• Brief descriptive captions
- - - - -

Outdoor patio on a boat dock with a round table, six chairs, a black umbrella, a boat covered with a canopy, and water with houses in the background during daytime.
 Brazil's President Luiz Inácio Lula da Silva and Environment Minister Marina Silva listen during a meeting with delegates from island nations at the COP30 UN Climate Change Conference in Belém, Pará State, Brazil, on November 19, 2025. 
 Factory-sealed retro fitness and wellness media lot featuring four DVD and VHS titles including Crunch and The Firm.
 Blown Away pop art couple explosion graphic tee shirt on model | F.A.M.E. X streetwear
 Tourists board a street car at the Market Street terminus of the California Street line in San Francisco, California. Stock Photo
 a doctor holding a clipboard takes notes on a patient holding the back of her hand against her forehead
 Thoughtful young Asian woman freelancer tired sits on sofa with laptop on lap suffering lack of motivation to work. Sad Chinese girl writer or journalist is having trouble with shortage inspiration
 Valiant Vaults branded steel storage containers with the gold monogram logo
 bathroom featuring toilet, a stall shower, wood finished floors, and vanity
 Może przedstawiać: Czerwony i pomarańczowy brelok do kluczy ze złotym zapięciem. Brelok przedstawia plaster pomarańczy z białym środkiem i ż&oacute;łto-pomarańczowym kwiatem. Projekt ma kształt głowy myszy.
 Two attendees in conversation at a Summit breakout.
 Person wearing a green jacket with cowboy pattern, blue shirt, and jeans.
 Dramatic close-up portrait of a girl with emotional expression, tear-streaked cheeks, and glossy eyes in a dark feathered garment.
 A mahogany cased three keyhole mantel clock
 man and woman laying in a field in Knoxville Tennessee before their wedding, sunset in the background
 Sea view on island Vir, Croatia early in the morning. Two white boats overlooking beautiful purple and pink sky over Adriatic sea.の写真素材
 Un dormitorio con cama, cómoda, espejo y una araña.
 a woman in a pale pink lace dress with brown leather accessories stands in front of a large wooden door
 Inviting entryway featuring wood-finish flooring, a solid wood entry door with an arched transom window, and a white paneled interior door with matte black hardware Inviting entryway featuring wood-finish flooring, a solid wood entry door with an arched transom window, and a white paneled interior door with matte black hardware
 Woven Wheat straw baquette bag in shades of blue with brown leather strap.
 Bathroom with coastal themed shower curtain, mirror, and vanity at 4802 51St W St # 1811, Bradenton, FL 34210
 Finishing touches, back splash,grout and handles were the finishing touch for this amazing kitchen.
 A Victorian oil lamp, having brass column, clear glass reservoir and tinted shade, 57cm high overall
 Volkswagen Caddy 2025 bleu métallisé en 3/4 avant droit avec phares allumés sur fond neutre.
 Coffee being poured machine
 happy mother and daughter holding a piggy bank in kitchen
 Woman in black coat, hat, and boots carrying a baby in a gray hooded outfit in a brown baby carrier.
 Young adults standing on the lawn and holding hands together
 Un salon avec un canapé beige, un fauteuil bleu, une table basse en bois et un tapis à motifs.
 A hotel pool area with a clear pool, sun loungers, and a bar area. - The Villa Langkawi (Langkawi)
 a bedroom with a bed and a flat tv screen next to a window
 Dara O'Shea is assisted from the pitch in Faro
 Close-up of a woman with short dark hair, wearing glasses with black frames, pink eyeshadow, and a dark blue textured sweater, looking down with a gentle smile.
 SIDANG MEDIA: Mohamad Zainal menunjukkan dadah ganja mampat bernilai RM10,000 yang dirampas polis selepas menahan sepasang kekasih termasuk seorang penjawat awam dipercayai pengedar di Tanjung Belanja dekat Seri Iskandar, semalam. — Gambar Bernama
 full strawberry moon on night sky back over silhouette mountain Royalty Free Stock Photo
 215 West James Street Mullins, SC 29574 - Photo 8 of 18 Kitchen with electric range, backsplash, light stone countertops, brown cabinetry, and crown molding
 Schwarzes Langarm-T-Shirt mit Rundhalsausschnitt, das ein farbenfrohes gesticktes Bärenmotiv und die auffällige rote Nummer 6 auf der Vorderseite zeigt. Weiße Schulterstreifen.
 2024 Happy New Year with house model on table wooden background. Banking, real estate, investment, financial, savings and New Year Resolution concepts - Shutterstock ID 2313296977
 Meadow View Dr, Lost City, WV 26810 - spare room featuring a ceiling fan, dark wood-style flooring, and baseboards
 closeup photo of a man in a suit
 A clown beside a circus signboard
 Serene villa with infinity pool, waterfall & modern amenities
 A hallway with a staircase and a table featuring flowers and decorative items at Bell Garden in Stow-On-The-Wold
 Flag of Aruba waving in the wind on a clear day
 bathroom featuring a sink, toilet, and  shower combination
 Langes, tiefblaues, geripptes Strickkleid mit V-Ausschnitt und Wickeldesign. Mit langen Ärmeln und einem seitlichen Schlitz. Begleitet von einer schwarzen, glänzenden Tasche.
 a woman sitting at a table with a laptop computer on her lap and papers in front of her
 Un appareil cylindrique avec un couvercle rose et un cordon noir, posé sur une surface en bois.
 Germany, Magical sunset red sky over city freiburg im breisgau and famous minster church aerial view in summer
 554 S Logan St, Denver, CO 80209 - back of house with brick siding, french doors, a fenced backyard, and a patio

- - - - -

• Task brief
Print each entry exactly as it was written.

• Reply
Outdoor patio on a boat dock with a round table, six chairs, a black umbrella, a boat covered with a canopy, and water with houses in the background during daytime.
 Brazil's President Luiz Inácio Lula da Silva and Environment Minister Marina Silva listen during a meeting with delegates from island nations at the COP30 UN Climate Change Conference in Belém, Pará State, Brazil, on November 19, 2025. 
 Factory-sealed retro fitness and wellness media lot featuring four DVD and VHS titles including Crunch and The Firm.
 Blown Away pop art couple explosion graphic tee shirt on model | F.A.M.E. X streetwear
 Tourists board a street car at the Market Street terminus of the California Street line in San Francisco, California. Stock Photo
 a doctor holding a clipboard takes notes on a patient holding the back of her hand against her forehead
 Thoughtful young Asian woman freelancer tired sits on sofa with laptop on lap suffering lack of motivation to work. Sad Chinese girl writer or journalist is having trouble with shortage inspiration
 Valiant Vaults branded steel storage containers with the gold monogram logo
 bathroom featuring toilet, a stall shower, wood finished floors, and vanity
 Może przedstawiać: Czerwony i pomarańczowy brelok do kluczy ze złotym zapięciem. Brelok przedstawia plaster pomarańczy z białym środkiem i ż&oacute;łto-pomarańczowym kwiatem. Projekt ma kształt głowy myszy.
 Two attendees in conversation at a Summit breakout.
 Person wearing a green jacket with cowboy pattern, blue shirt, and jeans.
 Dramatic close-up portrait of a girl with emotional expression, tear-streaked cheeks, and glossy eyes in a dark feathered garment.
 A mahogany cased three keyhole mantel clock
 man and woman laying in a field in Knoxville Tennessee before their wedding, sunset in the background
 Sea view on island Vir, Croatia early in the morning. Two white boats overlooking beautiful purple and pink sky over Adriatic sea.の写真素材
 Un dormitorio con cama, cómoda, espejo y una araña.
 a woman in a pale pink lace dress with brown leather accessories stands in front of a large wooden door
 Inviting entryway featuring wood-finish flooring, a solid wood entry door with an arched transom window, and a white paneled interior door with matte black hardware Inviting entryway featuring wood-finish flooring, a solid wood entry door with an arched transom window, and a white paneled interior door with matte black hardware
 Woven Wheat straw baquette bag in shades of blue with brown leather strap.
 Bathroom with coastal themed shower curtain, mirror, and vanity at 4802 51St W St # 1811, Bradenton, FL 34210
 Finishing touches, back splash,grout and handles were the finishing touch for this amazing kitchen.
 A Victorian oil lamp, having brass column, clear glass reservoir and tinted shade, 57cm high overall
 Volkswagen Caddy 2025 bleu métallisé en 3/4 avant droit avec phares allumés sur fond neutre.
 Coffee being poured machine
 happy mother and daughter holding a piggy bank in kitchen
 Woman in black coat, hat, and boots carrying a baby in a gray hooded outfit in a brown baby carrier.
 Young adults standing on the lawn and holding hands together
 Un salon avec un canapé beige, un fauteuil bleu, une table basse en bois et un tapis à motifs.
 A hotel pool area with a clear pool, sun loungers, and a bar area. - The Villa Langkawi (Langkawi)
 a bedroom with a bed and a flat tv screen next to a window
 Dara O'Shea is assisted from the pitch in Faro
 Close-up of a woman with short dark hair, wearing glasses with black frames, pink eyeshadow, and a dark blue textured sweater, looking down with a gentle smile.
 SIDANG MEDIA: Mohamad Zainal menunjukkan dadah ganja mampat bernilai RM10,000 yang dirampas polis selepas menahan sepasang kekasih termasuk seorang penjawat awam dipercayai pengedar di Tanjung Belanja dekat Seri Iskandar, semalam. — Gambar Bernama
 full strawberry moon on night sky back over silhouette mountain Royalty Free Stock Photo
 215 West James Street Mullins, SC 29574 - Photo 8 of 18 Kitchen with electric range, backsplash, light stone countertops, brown cabinetry, and crown molding
 Schwarzes Langarm-T-Shirt mit Rundhalsausschnitt, das ein farbenfrohes gesticktes Bärenmotiv und die auffällige rote Nummer 6 auf der Vorderseite zeigt. Weiße Schulterstreifen.
 2024 Happy New Year with house model on table wooden background. Banking, real estate, investment, financial, savings and New Year Resolution concepts - Shutterstock ID 2313296977
 Meadow View Dr, Lost City, WV 26810 - spare room featuring a ceiling fan, dark wood-style flooring, and baseboards
 closeup photo of a man in a suit
 A clown beside a circus signboard
 Serene villa with infinity pool, waterfall & modern amenities
 A hallway with a staircase and a table featuring flowers and decorative items at Bell Garden in Stow-On-The-Wold
 Flag of Aruba waving in the wind on a clear day
 bathroom featuring a sink, toilet, and  shower combination
 Langes, tiefblaues, geripptes Strickkleid mit V-Ausschnitt und Wickeldesign. Mit langen Ärmeln und einem seitlichen Schlitz. Begleitet von einer schwarzen, glänzenden Tasche.
 a woman sitting at a table with a laptop computer on her lap and papers in front of her
 Un appareil cylindrique avec un couvercle rose et un cordon noir, posé sur une surface en bois.
 Germany, Magical sunset red sky over city freiburg im breisgau and famous minster church aerial view in summer
 554 S Logan St, Denver, CO 80209 - back of house with brick siding, french doors, a fenced backyard, and a patio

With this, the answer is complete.